Your goal: At the line containing "9725 NW 52nd St 213, Doral FL 33178", begin an exact copy, and continue through the last line of the entries below. Leave out any pictures.

Material for this task:
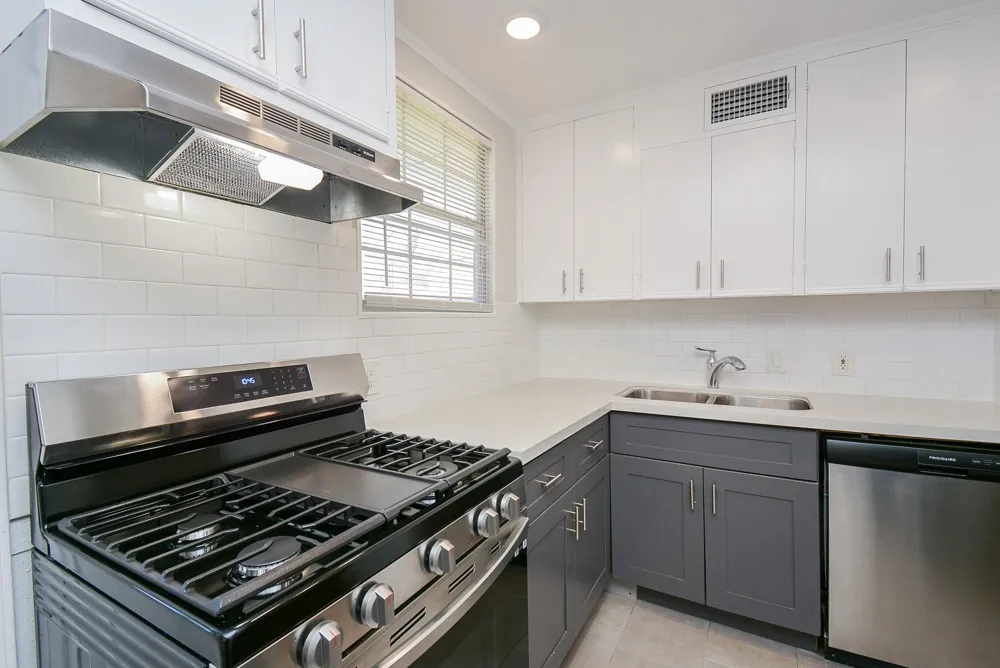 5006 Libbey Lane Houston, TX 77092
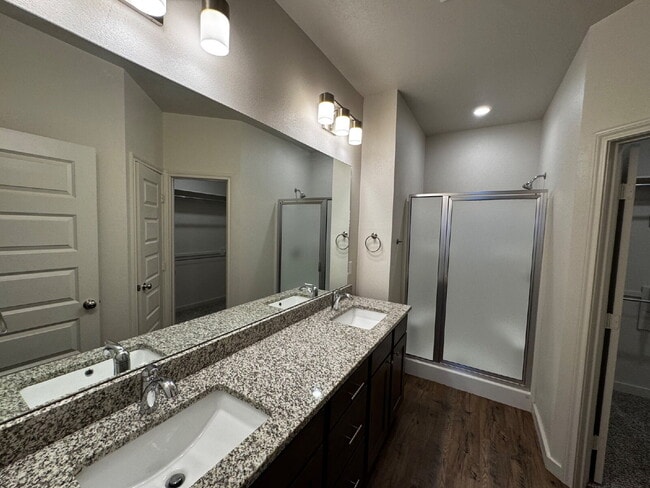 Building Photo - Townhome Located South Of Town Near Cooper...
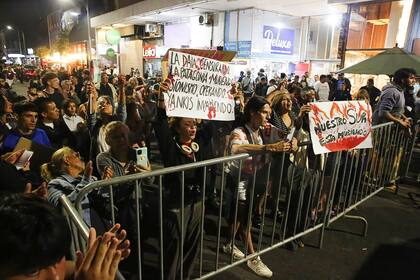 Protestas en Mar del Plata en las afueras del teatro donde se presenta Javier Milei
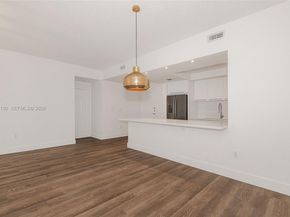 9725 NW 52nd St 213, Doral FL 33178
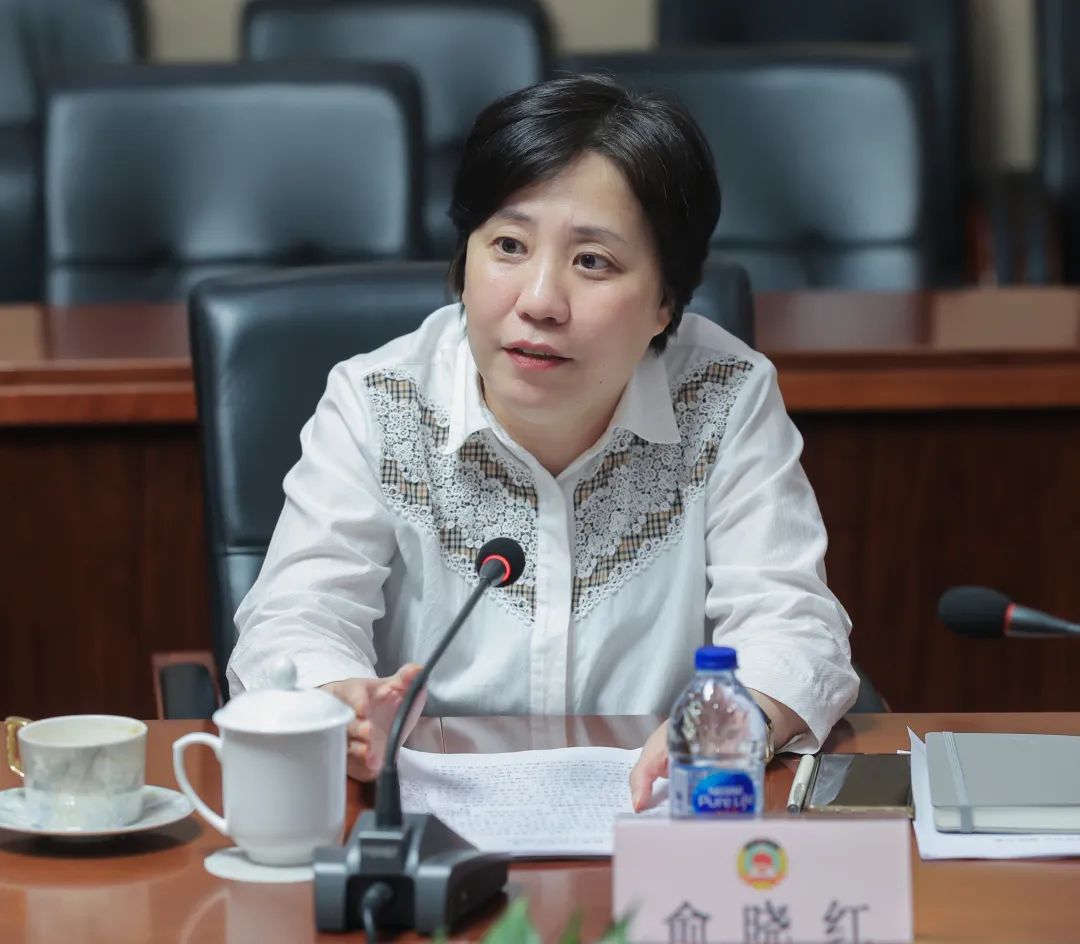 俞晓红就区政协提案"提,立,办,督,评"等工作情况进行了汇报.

Task answer:
 9725 NW 52nd St 213, Doral FL 33178
 俞晓红就区政协提案"提,立,办,督,评"等工作情况进行了汇报.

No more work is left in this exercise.